Meanwhile, the nation continues watching the Alabama special election for a U.S. Senate seat between Republican Roy Moore and Democrat Doug Jones. Jones, of course, is a liberal “disaster,” in the words of Trump.

Moore, rather, is a right-wing firebrand who has been thrown from the state’s Supreme Court and has been accused of pursuing relationships with teenage girls while he was in his 30s. (One woman has even accused him of sexually assaulting her.)

The timing of these two national story lines could hardly be worse for mainstream Republicans, who are left to try and thread a disgusting little needle: Roy Moore is a creep who should not join the U.S. Senate, but a chunk of the GOP base is likely to elect him anyway. So, can we now talk about our sleazy billionaire president’s tax reform package and how it’s going to help Joe The Plumber more than John The Investment Banker?

None of that is an easy sell, and slopped together in a big pot of hot water, it makes one hell of an unsettling political soup.

Tax reform pitched with three uncertain points

If you haven’t followed Congress’ handling of the tax reform bill(s), you are not alone. The House took action on its version of the measure within two weeks. But as Forbes writer Tony Nitti explains, the Senate has always been where the bill will pass or fail. As more eyes fall upon the proposal, the turd gets harder to shine.

From Nitti:

Perhaps more troubling for the Senate, however, has been the pace. A vote is not scheduled until next week at the earliest, and based on what most tax pundits have learned about the bill, time is its biggest enemy. Because with time, the many faults of the proposal become public, putting pressure on three Republican Senators to cast reform-killing “nay” votes.

What information could become known that would swing a vote? Keep in mind, the GOP has sold the $1.5 trillion in tax cuts in both the House and Senate bills (you can read about the similarities and differences in the plans here — by repeating the same three assurances over and over and over:

  1. The tax cuts will “pay for themselves” by creating substantial economic growth,
  2. The primary benefits of the tax cuts are ear-marked for the middle-class, and
  3. The richest 1% will enjoy no net benefit under the GOP plan.

Two reports published yesterday by the nonpartisan Tax Policy Center, however, revealed those promises to be of the glaringly empty variety, threatening to thwart the chances of tax reform mere feet from the goal line.

Read the rest of Nitti’s analysis here, but the growing public perception of the national Republican brand remains: This is a party long-beholden to wealthy Americans and, by the way, now it is nominating and supporting known perverts.

To be fair, Democrats have seen their fair share of sex scandals, too. Partisan websites chronicle their opponents’ atrocities, as if the topic at hand is a hockey game where one team’s goons are worse than the other’s.

That’s how America wound up debating sexual misconduct in the 2016 election — as if it were a team sport — and it’s how the nation is likely to ignore the details of tax reform over the next week in deference to a parade of perversion.
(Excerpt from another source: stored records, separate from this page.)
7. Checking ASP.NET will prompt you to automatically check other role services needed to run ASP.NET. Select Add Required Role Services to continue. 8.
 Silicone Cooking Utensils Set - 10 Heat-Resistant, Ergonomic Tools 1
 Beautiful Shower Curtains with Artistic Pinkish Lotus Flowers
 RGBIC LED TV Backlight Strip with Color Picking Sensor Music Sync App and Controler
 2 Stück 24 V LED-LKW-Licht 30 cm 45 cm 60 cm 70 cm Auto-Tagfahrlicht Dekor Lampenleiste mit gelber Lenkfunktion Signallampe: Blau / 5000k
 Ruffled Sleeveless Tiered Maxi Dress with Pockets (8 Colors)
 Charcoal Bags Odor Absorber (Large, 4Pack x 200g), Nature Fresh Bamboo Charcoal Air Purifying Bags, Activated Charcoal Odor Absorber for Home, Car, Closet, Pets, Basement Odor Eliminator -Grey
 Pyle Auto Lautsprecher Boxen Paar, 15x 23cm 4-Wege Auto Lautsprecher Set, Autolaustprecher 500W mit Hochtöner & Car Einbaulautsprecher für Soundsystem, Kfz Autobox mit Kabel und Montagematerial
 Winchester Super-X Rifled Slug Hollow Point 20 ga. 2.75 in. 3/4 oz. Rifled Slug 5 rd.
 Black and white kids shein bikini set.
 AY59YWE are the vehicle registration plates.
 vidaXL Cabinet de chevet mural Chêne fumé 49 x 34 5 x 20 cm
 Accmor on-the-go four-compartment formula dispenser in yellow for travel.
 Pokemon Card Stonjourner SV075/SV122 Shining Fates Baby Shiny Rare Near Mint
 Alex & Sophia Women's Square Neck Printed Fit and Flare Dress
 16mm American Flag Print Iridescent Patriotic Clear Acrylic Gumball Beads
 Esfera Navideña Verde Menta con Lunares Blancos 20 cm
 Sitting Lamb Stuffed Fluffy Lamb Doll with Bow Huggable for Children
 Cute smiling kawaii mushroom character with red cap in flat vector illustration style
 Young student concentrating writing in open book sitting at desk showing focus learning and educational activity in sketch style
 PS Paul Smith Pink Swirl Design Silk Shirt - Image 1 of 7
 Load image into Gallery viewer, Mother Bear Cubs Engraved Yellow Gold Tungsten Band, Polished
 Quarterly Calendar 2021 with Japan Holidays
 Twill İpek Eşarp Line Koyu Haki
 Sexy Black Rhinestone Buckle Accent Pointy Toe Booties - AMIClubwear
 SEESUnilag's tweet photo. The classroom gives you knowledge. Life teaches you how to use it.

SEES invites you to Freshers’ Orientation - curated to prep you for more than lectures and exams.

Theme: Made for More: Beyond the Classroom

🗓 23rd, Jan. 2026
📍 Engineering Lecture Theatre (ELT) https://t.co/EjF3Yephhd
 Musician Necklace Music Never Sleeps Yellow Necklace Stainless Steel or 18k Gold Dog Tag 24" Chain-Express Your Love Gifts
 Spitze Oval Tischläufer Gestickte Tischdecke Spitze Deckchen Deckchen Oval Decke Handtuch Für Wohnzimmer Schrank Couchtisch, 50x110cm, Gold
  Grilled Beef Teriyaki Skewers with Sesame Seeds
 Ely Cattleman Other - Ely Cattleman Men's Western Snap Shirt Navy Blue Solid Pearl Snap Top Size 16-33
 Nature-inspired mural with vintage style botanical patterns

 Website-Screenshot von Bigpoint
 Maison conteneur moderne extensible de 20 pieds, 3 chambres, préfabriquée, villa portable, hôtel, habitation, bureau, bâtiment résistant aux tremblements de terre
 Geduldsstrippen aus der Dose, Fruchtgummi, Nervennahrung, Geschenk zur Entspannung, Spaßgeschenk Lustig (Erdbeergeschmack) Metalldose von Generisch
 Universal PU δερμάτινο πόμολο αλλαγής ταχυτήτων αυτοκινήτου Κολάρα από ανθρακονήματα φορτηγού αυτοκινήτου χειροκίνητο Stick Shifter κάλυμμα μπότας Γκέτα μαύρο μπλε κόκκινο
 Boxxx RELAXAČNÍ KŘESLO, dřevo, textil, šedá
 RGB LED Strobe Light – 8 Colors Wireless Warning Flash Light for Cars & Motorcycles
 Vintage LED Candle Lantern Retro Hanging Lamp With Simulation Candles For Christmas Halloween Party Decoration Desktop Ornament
Kellyanne Conway, a “counselor” to President Trump, awkwardly tied the two topics together in a television interview last week, replying to a question of whether to vote for Roy Moore by saying:

I’m telling you that we want the votes in the Senate to get this tax bill through. And the media — if the media were really concerned about all of these allegations, and if that’s what this is truly about, and the Democrats — Al Franken would be on the ash heap of bygone half funny comedians.

If national Republicans’ best argument for sustained political power is that they need votes for a dubious tax reform measure so badly that they’ll support a complete buffoon, the GOP brand is in trouble.

Then again, #election2016 was only one year ago.